Sunday, January 25, 2009

Model Prisoner

Several days ago I received the most thrilling email of my life.

A children's modeling agency was interested in possibly representing my son Ethan. Liz-Beth, the agency owner was seeking 'talent' for a prominent childrens clothing catalogue and had heard through a mutual friend that my son Ethan possessed the ideal All-American 'look.' Liz-Beth suggested that I bring Ethan to the set early Sunday morning for some test shots. She assured me it would be in intimate affair and was really just a formality - Ethan's good looks, poise and natural 'ability' was certain to land him the job and a fabulous future career in childrens modeling. My head began to spin with excitement. Just the words 'set' and 'test shots' sent me into a tizzy. I fantasized about attending New York's Fashion Week,
front-and-center with my good friends Dita Von Teese, Mary Kate Olsen and Anna Wintour discussing Ethan's meteoric rise to the top of the childrens modeling world.

"He's a winner, an absolute doll!' Dita would shout during the crowd's standing ovation for my son.

Anna, who generally said little during fashion shows, sat in her folding chair sobbing.

"I've seen the face of God," Anna moaned "Ethan. Ethan. Ethan."

"Stop it, you two," I would chide playfully "He's just an ordinary kid."

"Only much better looking!" Mary Kate would giggle.

Anna, Dita, Mary Kate and I would dissolve into peels of laughter, our little 'joke' causing crocodile tears to roll down my cheeks. The other 'lesser' children in the show might as well have been wearing burlap sacks - their mediocrity eclipsed by my son's incandescent beauty. Not wanting Dita, Anna, Mary Kate, the fashion press or (God forbid) the paparazzi to see the tears of joy rimming my eyes, I planned on wearing my Faux Semblant Carré Louis Vuitton sunglasses that I adore, but my husband George swears make me look like Edith Head.

"We'll do our best to make it," I replied (trying to sound blase in my email response ), "But Ethan's been working like crazy - I had hoped that he might have at least ONE day off this month. I'll see what I can do."

The next few days at our home consisted of model boot camp. At regular intervals I would bark at Ethan to 'find the lens' and would demand he give me varied ranges of facial expressions. I would carefully critique his 'look' and then fine tune his poor 'performance.'

"Look Ethan," I said during one frustrating posing session,"Modeling is not for the faint of heart. It's a career, not a job!" He shrugged his shoulders and continued to throw a tennis ball against my bedroom wall.

Sunday finally arrived and I sprang out of bed. I carefully dressed Ethan and styled his hair to look 'sporty.' With great anticipation, we set off for West Los Angeles and our thrilling new life in childrens modeling!

The audition was being held at a large hangar in close proximity to the Santa Monica airport. As we entered the building I could hear the cacophony of dozens if not hundreds of children.
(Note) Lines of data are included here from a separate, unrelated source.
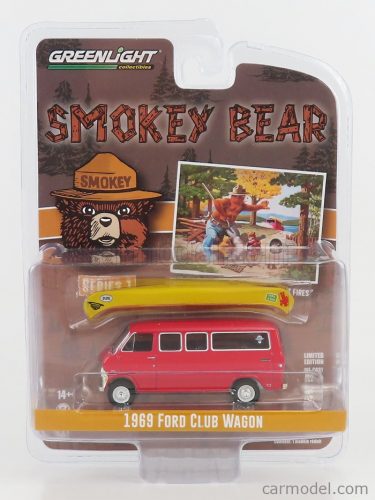 Greenlight - Ford Usa Club Wagon Minibus 1969 - Smokey Bear Red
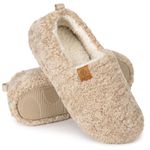 EverFoams Women's Fuzzy Full Slippers Soft Comfy Faux Shearling Memory Foam Indoor House Shoes, Khaki, 3-4 UK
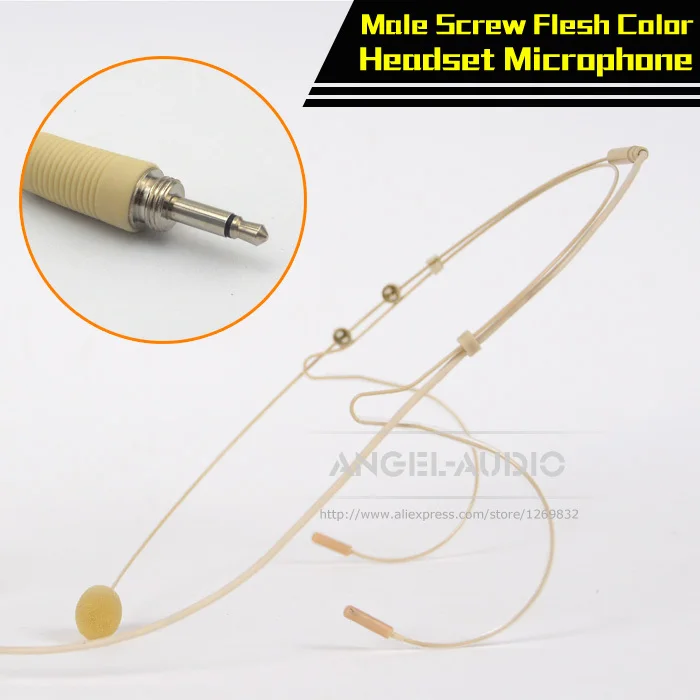 

2pcs / Lot Free Shipping Male Screw Thread Lock 3.5 mm Jack Plug Flesh Color Headset Microphone For Wireless Microphone BodyPack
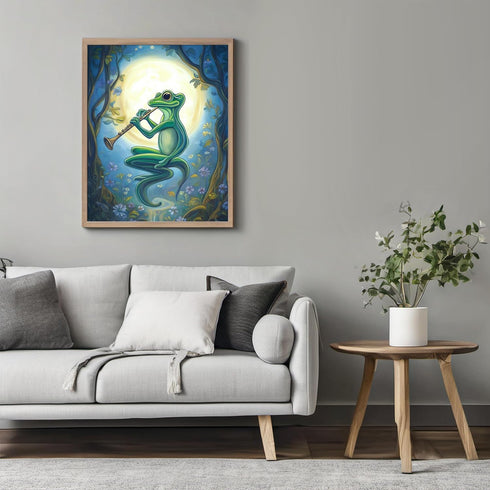 Posterizer 1 pcs-whimsical forest scene-frog playing music 12-Art for Animal Lovers-Fantasy & Fiction Art-Gift for Daughter, Son, Kids- unframed w...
A small, dark vestibule opened into large open room that served as a photo studio where throngs of the most gorgeous, blond haired, blue eyed Hitler Youth looking children frolicked. It was as if I had entered the modeling equivalent of VILLAGE OF THE DAMNED. I was stunned. My son happily joined the throng of boy clones currently engrossed in some kind of twisted video game, and I stationed myself at a table with a mother who never glanced at me nor spoke a single word. From what I could tell, she was too busy downing espresso shots and emailing her son's extensive modeling portfolio to perspective agents, photo shoot producers and magazine editors.

An hour later, my son's name was called by a bored production assistant who informed me that they had already met with 500 children in the last two days - and were in desperate need of some Red Bulls. I had difficulty in locating Ethan as he had officially joined the Aryan Brotherhood. I had a hell of a time differentiating him from the Austin, Trevor, Brandon, Malcolm, and Henry clones so I loudly called out his name and took the child that responded in the affirmative.
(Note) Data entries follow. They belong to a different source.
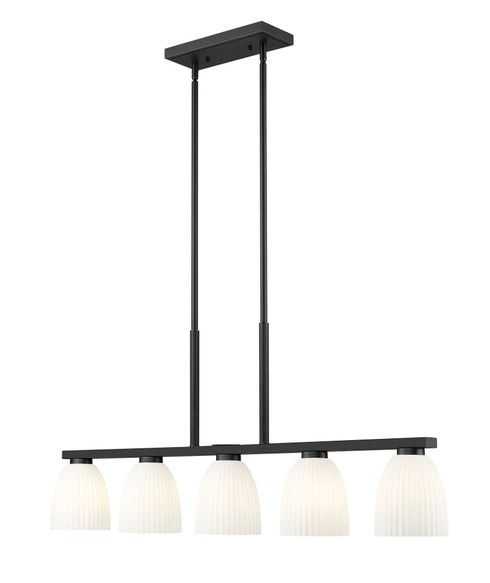 Z-Lite Naya 5 Light Linear Chandelier in Matte Black Finish Model: 7518-5L-MB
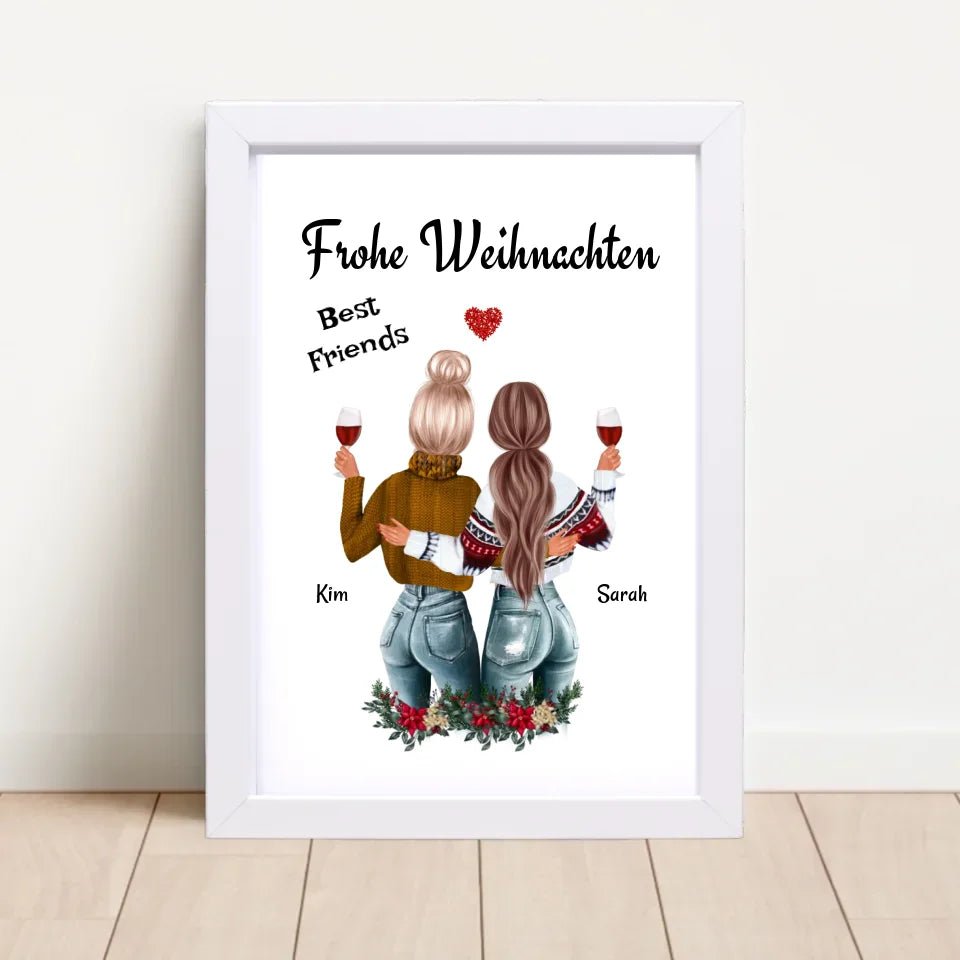 Beste Freundin Poster Weihnachtsgeschenk - Cantty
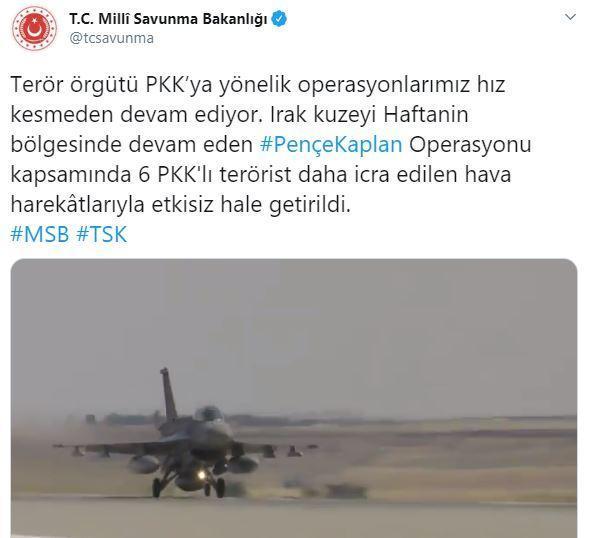 Haftaninde 6 PKKlı terörist hava harekatlarıyla etkisiz hale getirildi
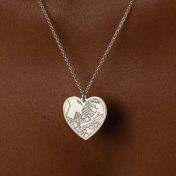 Ties of Heart Engraved Map Necklace [Sterling Silver]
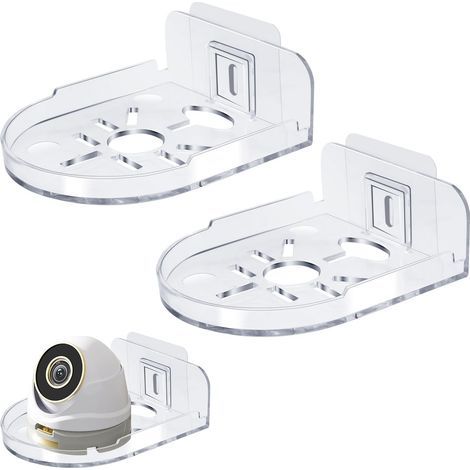 Set mit 2 Wandhalterungen für Kameras, bohrfreie Wandmontage, universelle Klebehalterung für Babyphone, Innen- und Außenüberwachung, transparent (1/5)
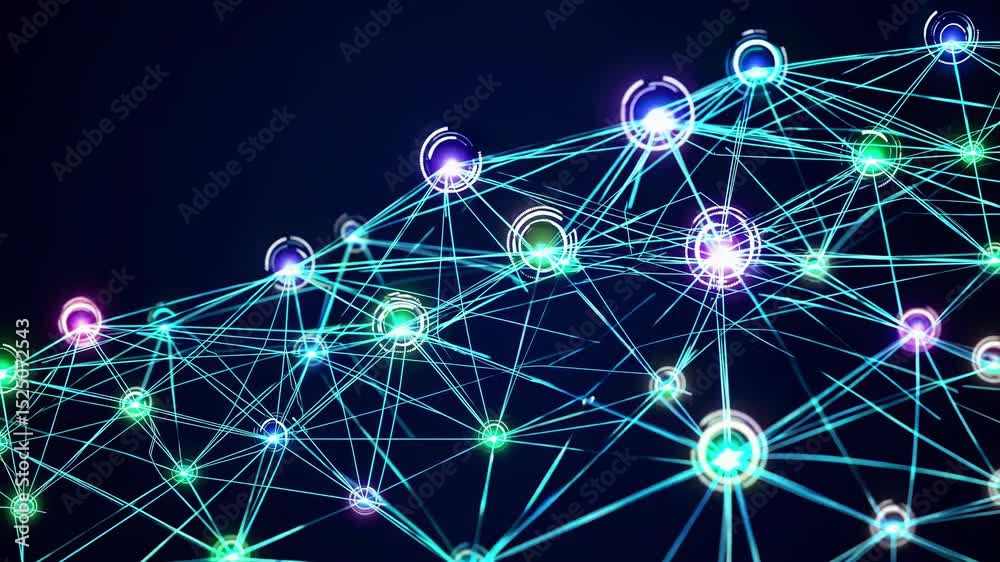 Fototapete Dynamic visualization of interconnected nodes illustrating a network structure and data flow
The entire photo session lasted 15 seconds. My son looked at the camera, yawned and made a half-hearted attempt at smiling. The photographer snapped a dozen or so listless digital photos, high-fived my son and it was over. My son raced back to join his buddies in the brotherhood and I watched my, I mean his dreams of modeling go down the tubes. There were no fashion shows in our future, no fabulous lunches at NOBU with Anna, Dita and Mary Kate, and certainly no future bidding wars by IN-STYLE for our 'candid' at-home photos.

On the drive home, I casually asked the child in my car (I think I took my child) if he had enjoyed his modeling experience. I was shocked to learn that he thought it was 'cool' and asked me to set up a playdate with his blond buds from the brotherhood.

I put the number for NOBU back in my Blackberry's speed dial.